_About this exercise_
Search the records below for the line containing "Morning Reset Hair". Write out that line and every line after it exactly as written.

──────── Records for this task ────────

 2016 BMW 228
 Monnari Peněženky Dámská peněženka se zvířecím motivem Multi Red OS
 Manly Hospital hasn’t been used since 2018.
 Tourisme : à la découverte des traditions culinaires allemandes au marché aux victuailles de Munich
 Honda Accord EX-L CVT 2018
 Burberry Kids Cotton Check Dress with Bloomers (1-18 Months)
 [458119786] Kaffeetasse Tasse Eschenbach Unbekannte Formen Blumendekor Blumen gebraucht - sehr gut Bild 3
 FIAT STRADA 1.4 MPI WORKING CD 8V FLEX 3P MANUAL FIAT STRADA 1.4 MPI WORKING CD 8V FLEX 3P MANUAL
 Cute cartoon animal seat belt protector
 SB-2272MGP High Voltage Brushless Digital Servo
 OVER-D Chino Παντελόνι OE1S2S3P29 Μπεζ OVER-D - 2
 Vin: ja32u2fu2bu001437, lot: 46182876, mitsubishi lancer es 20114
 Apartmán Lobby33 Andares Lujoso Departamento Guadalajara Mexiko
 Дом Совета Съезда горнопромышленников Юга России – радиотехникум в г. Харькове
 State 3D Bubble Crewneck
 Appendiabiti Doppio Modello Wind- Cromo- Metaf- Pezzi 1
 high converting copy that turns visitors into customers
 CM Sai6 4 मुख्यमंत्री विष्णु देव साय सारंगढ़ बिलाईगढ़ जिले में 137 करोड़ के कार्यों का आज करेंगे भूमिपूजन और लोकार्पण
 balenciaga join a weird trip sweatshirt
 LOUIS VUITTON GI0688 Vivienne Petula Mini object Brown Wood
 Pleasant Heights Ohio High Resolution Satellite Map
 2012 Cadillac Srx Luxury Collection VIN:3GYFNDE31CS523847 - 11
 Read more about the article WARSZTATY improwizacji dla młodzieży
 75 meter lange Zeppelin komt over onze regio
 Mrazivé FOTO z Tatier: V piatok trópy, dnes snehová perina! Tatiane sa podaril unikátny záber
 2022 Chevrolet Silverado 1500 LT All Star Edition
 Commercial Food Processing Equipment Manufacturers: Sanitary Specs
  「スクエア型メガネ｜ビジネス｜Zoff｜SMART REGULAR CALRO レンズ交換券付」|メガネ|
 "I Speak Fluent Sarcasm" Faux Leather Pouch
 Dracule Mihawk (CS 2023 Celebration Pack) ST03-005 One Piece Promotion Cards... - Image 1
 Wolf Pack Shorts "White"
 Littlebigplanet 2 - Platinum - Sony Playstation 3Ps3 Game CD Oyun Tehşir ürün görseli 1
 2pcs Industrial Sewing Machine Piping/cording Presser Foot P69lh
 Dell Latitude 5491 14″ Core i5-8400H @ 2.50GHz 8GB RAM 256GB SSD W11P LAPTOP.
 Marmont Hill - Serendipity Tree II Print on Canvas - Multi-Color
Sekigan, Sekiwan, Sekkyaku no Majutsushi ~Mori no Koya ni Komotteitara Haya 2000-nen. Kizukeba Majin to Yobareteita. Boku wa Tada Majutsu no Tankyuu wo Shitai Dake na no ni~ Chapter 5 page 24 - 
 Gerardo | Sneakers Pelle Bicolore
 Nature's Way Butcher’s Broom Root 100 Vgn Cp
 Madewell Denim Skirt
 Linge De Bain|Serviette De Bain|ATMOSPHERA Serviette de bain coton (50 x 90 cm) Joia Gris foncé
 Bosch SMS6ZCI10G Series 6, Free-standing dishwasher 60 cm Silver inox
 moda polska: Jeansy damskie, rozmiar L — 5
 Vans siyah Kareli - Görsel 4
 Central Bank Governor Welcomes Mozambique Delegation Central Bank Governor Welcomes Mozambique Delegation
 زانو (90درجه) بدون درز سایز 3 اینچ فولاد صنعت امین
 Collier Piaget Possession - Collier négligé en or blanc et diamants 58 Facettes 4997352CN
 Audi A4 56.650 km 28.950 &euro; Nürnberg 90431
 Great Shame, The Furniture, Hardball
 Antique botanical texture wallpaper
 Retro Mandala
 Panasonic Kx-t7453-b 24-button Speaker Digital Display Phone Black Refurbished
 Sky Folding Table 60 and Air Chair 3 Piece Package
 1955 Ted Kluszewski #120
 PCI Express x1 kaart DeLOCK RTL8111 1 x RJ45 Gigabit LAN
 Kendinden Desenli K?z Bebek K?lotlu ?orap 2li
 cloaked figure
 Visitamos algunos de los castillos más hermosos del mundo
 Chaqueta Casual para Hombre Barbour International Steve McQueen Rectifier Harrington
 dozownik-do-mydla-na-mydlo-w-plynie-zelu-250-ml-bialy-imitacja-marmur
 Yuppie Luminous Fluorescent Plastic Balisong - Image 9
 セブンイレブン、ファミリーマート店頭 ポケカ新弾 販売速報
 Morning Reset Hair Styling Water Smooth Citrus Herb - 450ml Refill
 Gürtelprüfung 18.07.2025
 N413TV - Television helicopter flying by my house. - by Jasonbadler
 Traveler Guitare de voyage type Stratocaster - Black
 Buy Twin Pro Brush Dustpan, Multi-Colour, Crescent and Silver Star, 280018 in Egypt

────────

_Response box_
 Morning Reset Hair Styling Water Smooth Citrus Herb - 450ml Refill
 Gürtelprüfung 18.07.2025
 N413TV - Television helicopter flying by my house. - by Jasonbadler
 Traveler Guitare de voyage type Stratocaster - Black
 Buy Twin Pro Brush Dustpan, Multi-Colour, Crescent and Silver Star, 280018 in Egypt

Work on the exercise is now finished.